Influence of image data set noise on classification with a convolutional network

2019-04-04WeiTaoShuaiLiguoZhangYulu

Journal of Southeast University(English Edition) 2019年1期

Wei Tao Shuai Liguo Zhang Yulu

(School of Mechanical Engineering, Southeast University, Nanjing 211189, China)

Abstract：To evaluate the influence of data set noise, the network in network(NIN) model is introduced and the negative effects of different types and proportions of noise on deep convolutional models are studied. Different types and proportions of data noise are added to two reference data sets, Cifar-10 and Cifar-100. Then, this data containing noise is used to train deep convolutional models and classify the validation data set. The experimental results show that the noise in the data set has obvious adverse effects on deep convolutional network classification models. The adverse effects of random noise are small, but the cross-category noise among categories can significantly reduce the recognition ability of the model. Therefore, a solution is proposed to improve the quality of the data sets that are mixed into a single noise category. The model trained with a data set containing noise is used to evaluate the current training data and reclassify the categories of the anomalies to form a new data set.

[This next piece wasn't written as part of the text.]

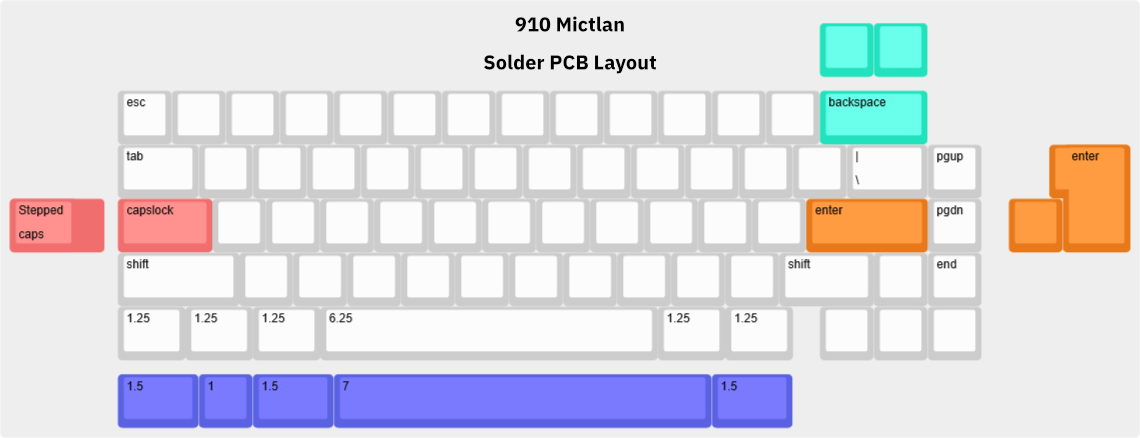 [ GB ] TGR 910 Mictlan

Repeating the above steps can greatly reduce the noise ratio, so the influence of cross-category noise can be effectively avoided.

Key words：image recognition; data set noise; deep convolutional network; filtering of cross-category noise

In recent years, machine learning, deep learning and other methods in image recognition have experienced vigorous development. A variety of deep convolutional network models have made significant contributions to the field of image recognition, increasing the accuracy of image classification to new levels and achieving breakthroughs in all application areas. Deep learning is a branch of machine learning. It is a hierarchical model structure similar to that of the human brain. It extracts the characteristics of the input data from the bottom layer to the highest layer to establish a mapping relationship from the bottom signal to high-level semantics[1]. Today, it has become an inevitable trend for the Internet, big data, and artificial intelligence[2].

The CNN is the first successful learning algorithm for training multilayer network structures. CNNs use a gradient-based improved back-propagation algorithm to train the weights in the network. They implement a multilayer filtered network structure for deep learning and a global training algorithm combined with filters and classifiers, which reduces the complexity of the network model and the number of weights[3]. The CNN has achieved very good results in the image processing field[4]. After the development of the Alex-Net deep convolutional network model[5]for the ILSVRC-2012 fire in 2012, researchers continued to propose deep convolutions, such as the ALL-NET[6], ResNet-50[7], Inception-V3[8], and VGG-19[9]models. These models have achieved good performances in tasks such as image recognition, target detection, and semantic segmentation. The basis of these well-performing models is the need for sufficient training data to provide supervised training; therefore, the quality of the data sets is a fundamental factor that limits the training results of the deep convolutional network model.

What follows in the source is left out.